OGDEN -- A 100-mile bike tour of Top of Utah will be held May 1 to raise funds and publicity for a proposed bicycle velodrome and field house in Ogden.
The tour is the first step in a continuing fundraising effort by Ogden to build the velodrome, which is tentatively proposed to be built on Wall Avenue near 22nd Street. Called a "field house," it is also tentatively planned to include tennis and archery facilities.
Registration is $50 before April 15, after which it rises to $70, but Josh Jones, Ogden's bicycle coordinator, said that includes a T-shirt and full support on the ride.
There are actually three ride routes, all starting at Ogden's Lorin Farr Park. The longest, 105 miles, goes north up Mountain Road to North Ogden, west to Plain City, then south through Weber and Davis counties to Bountiful, then returns to Ogden.

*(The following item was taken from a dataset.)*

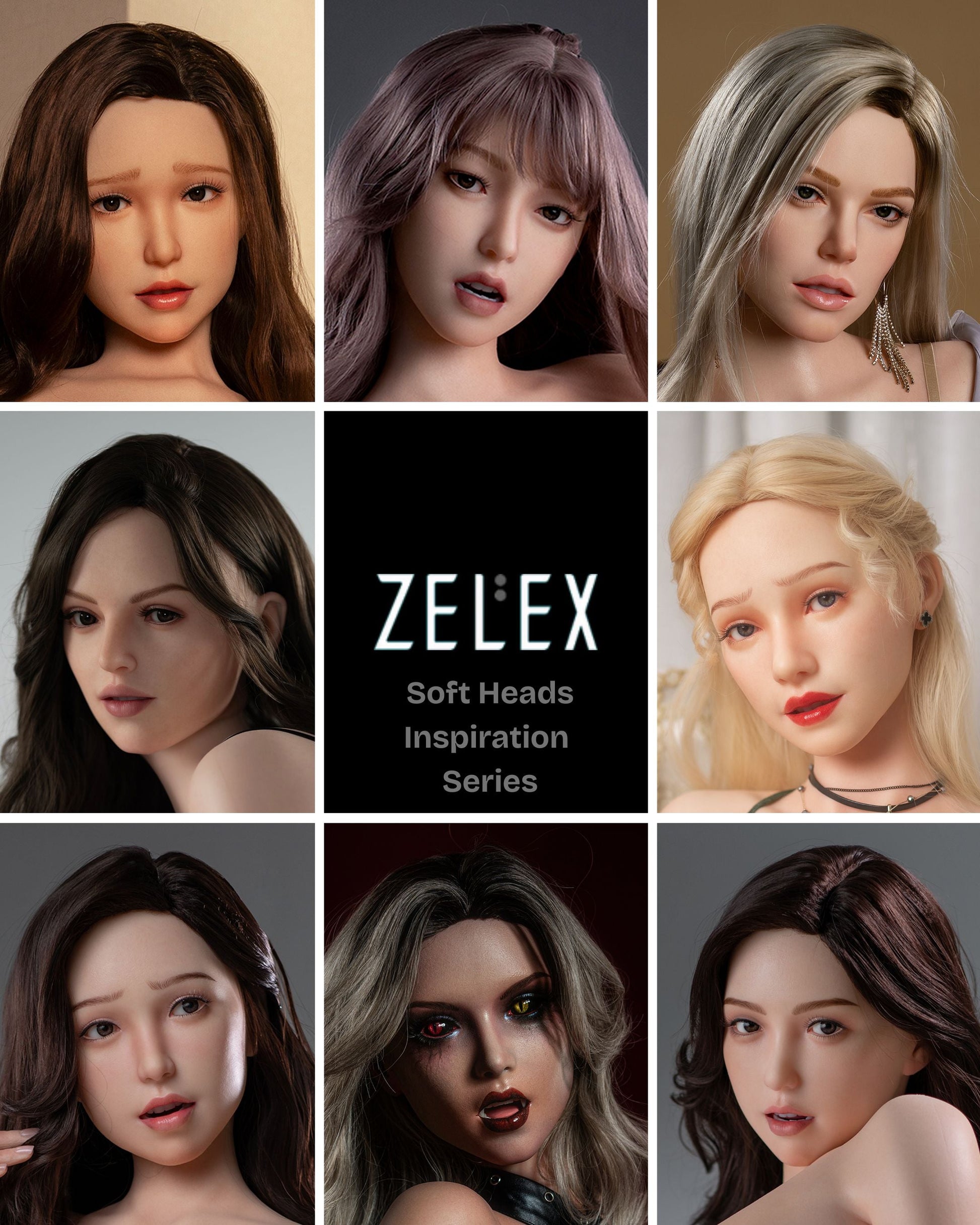 Zelex Doll Zelex - Inspiration Series Soft Heads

The middle route, 47 miles, follows the same route but doesn't go as far south in Davis County. The shortest, 28 miles, loops out through western Weber County before returning.
There is also a short "fun ride" for children for a $7.50 admission, which also includes admission to the Ogden Dinosaur Park.
Riders who want to register for the rides can do so on-line, at www.tourdedrome.com.
"What a fun thing for the community," Jones said, "and I would like to make the connection that this is not something new to Ogden. This is Ogden's history."
Jones said he has no illusions that this tour will raise enough to build the velodrome, which is just in the initial planning stages. This ride is mainly to raise public awareness, he said. A second and larger fundraising event will be held this fall.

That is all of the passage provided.